Sunday, April 26, 2009 3:51 PM by bart

Hi Pete,

Thanks for your feedback. True, and you don't even need to set a breakpoint on the query expression itself to be able to step-into the query expression's individual clauses. Ultimately you're doing just a step-into skipping a bunch of framework code, calling back into your own code at some point.

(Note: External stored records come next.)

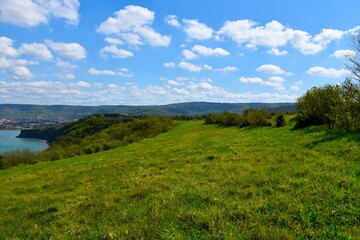 Naklejka premium Meadow at the coast of the Adriatic sea at Strunjan nature reserve in Littoral region of Slovenia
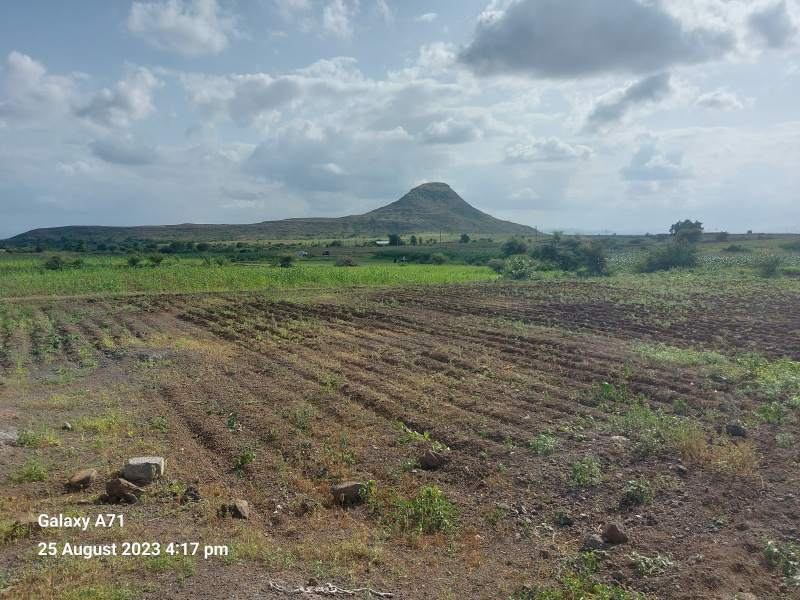Agricultural Land 4 Acre for Sale in Malegaon, Nashik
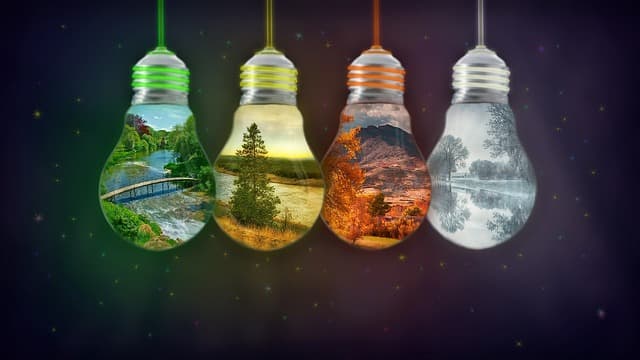 장애인의 계절별 의류 선택 가이드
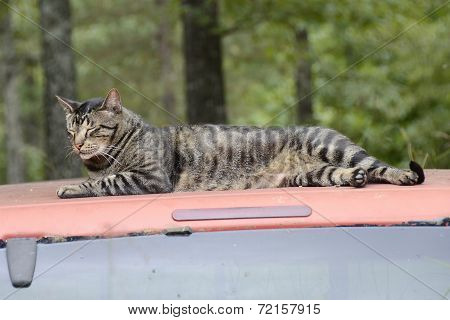 Cat Resting on a Truck Top in Missouri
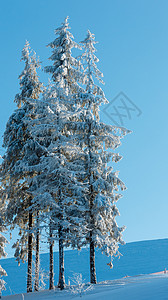 注意地滑清晨冬季平静的山地景观坡上有美丽的霜冻树木和雪地滑乌克兰喀尔巴阡山背景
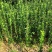 北海道黄杨0.5-1.5米高不脱腿
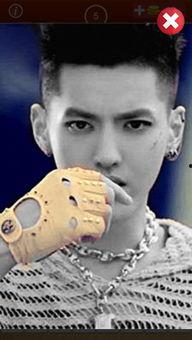 歌手明星脸,演绎音乐与偶像的双重魅力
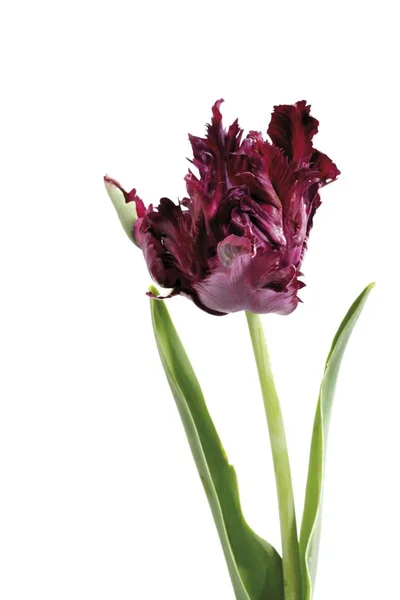 Bir Tek Tulip Çiçek Aromatik Güzel Koyu Mor Tulipa — Stok fotoğraf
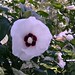 Sharen Rose Photo 10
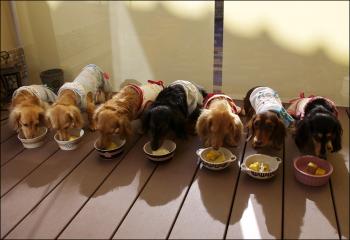菊たんのお誕生日会2011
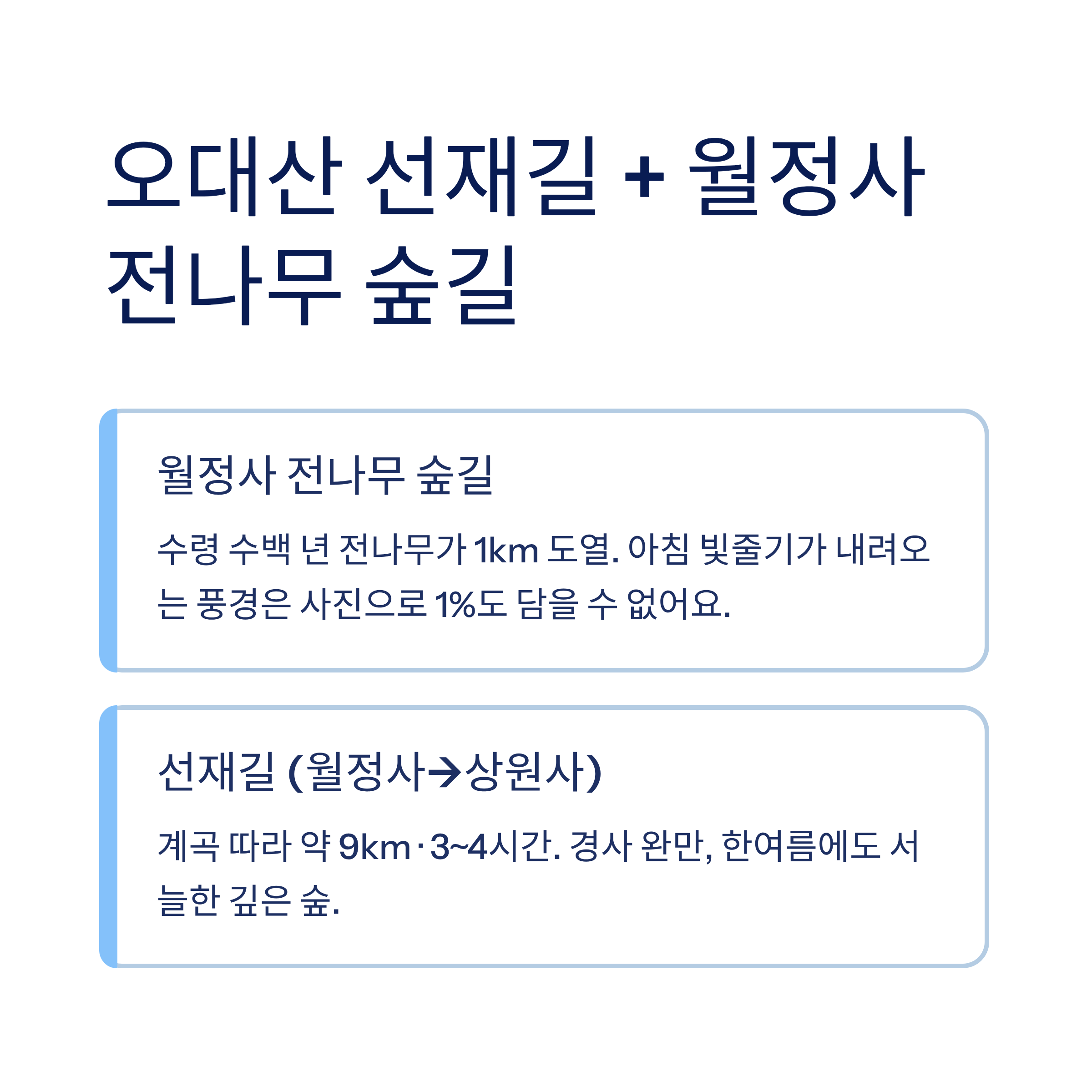 강릉 근교 산책 달리기 트레킹 코스 추천 ❘ 바다와 소나무 숲 사이를 걷는 법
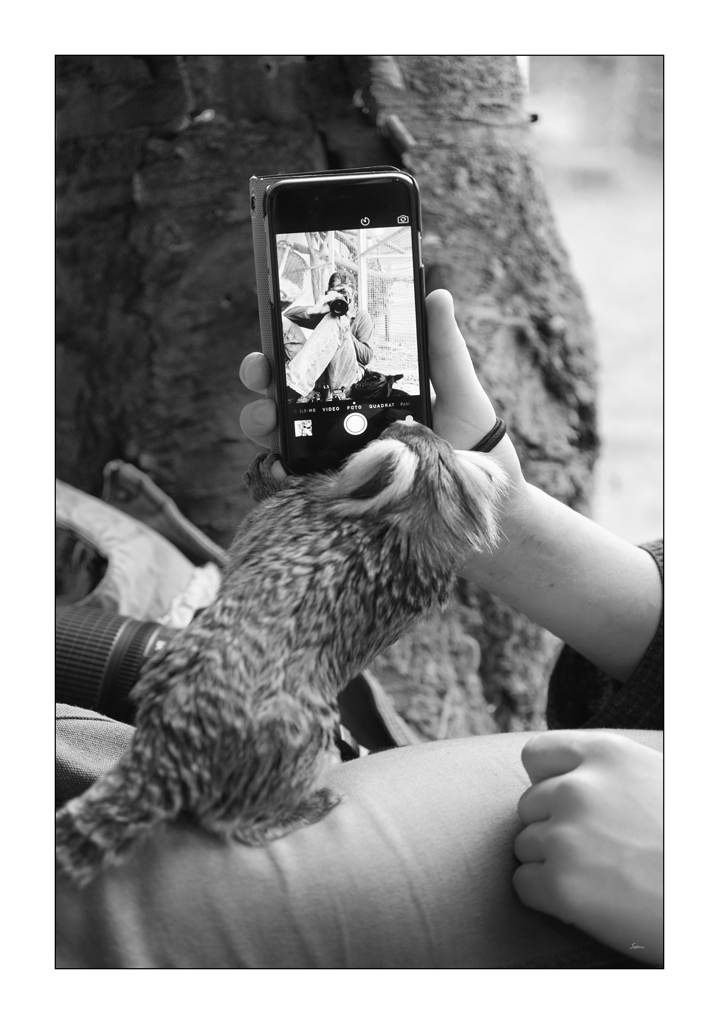 HaselPZ1 5149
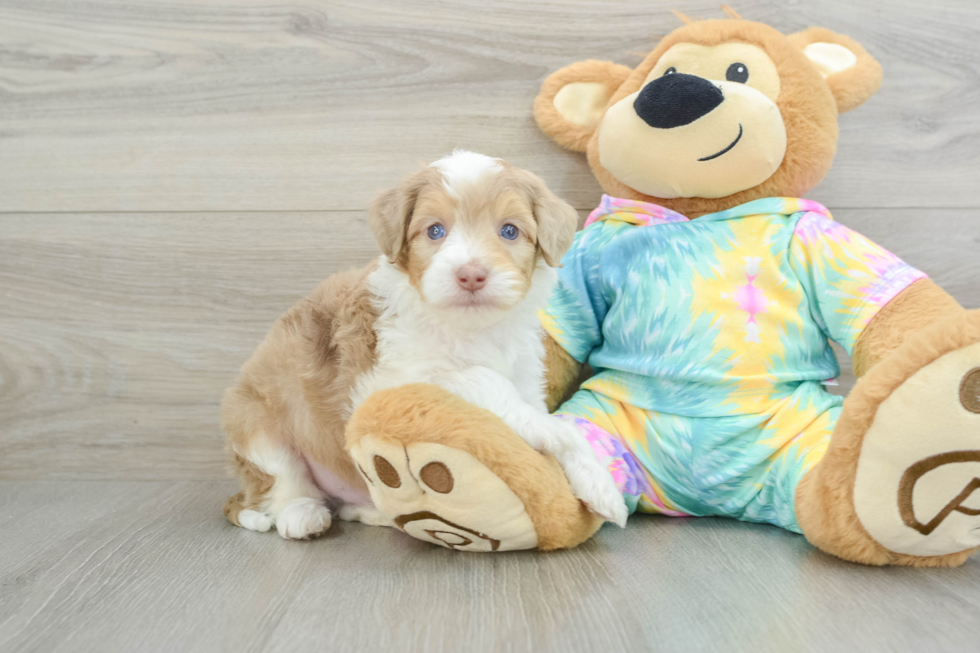 Best Mini Aussiedoodle Baby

So, still, the execution of the query expression itself, and thus the chain of query operator calls underneath, by itself is not a useful debugging terchnique for LINQ to Objects. But you're right there's no need to set individual breakpoints on operator clause bodies (although that might still be useful to break selectively on the parts of the query you're interested in).

Thanks,

-Bart

# Link Post for April &laquo; Code: Impossible

Thursday, April 30, 2009 7:22 AM by Link Post for April « Code: Impossible

Pingback from  Link Post for April &laquo; Code: Impossible

# zofran tab

Monday, October 11, 2010 3:49 PM by zofran odt dose

zofran tab. zofran odt dose. zofran odt dose.

# discount zyloprim

Wednesday, October 13, 2010 3:09 PM by discount zyloprim

discount zyloprim. zyloprim dosage. discount zyloprim. zyloprim dosage. discount zyloprim. discount zyloprim.